Jean: You can feel beauty. Today, several ravens stopped and looked at me. They said in effect, “Wow, we don’t have to run! This is a safe place.” This happens often. You start living with what is around you as opposed to what is pushed into you or projected onto you. Then it happens. I was riding my horse in the woods and suddenly felt an anger or an agitation. I knew something was going to happen. Suddenly a bull moose and five cows and calves burst out of the woods, bellowing, in front of me and scared my horse. It taught me things I didn’t think I was capable of as a human. I didn’t realize I had it. It never came across my mind.

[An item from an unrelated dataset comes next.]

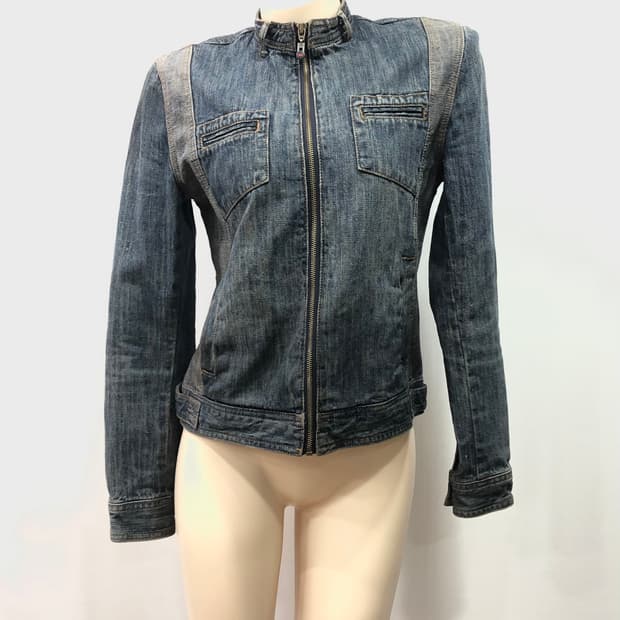 Washed Denim Jacket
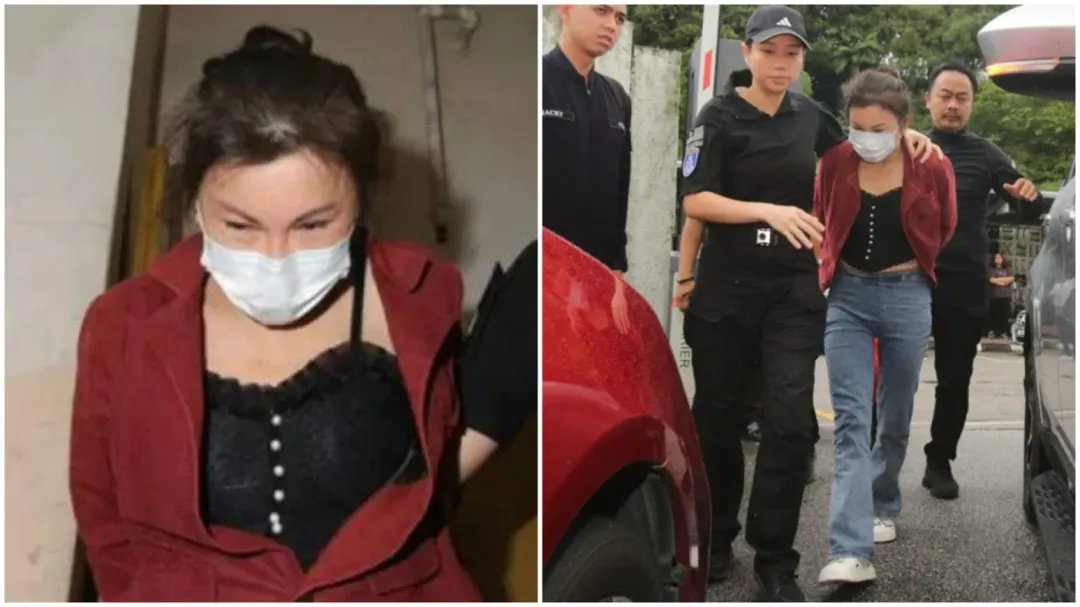 涉嫌與他人共謀綁架丈夫的陳雲貴(圖/翻攝微博)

Michael: How can people learn this?

Jean: People need to be guided. For example, today there is the beauty of having rain fall on me. There is nothing boring in nature. It’s raining on me, I’m wet, I’m feeling it, it’s what the animals endure. We’re not protected. We’re feeling everything that is from nature. So from nature listen to what’s around you. Your own sense. Your feelings. Getting cold—ok, so it’s cold. I’m feeling. It’s life—enjoy it. Enjoy living.

Michael: Do the feelings stay, or are they just fleeting, come and go?

Jean: I think it’s the love you give back to the environment. You enjoy. Then you can see plants grow, see animals come to that area. With persons, animal, trees, earth, if you have that connection, it will come back to you—and if you receive it, you can multiply it. Help a piece of land live what it’s made to live for. Or with a person, what they’re meant to live for.

Michael: What do you feel after you make a connection?

Jean: Totally fulfilled. And whatever I connect to is also that way.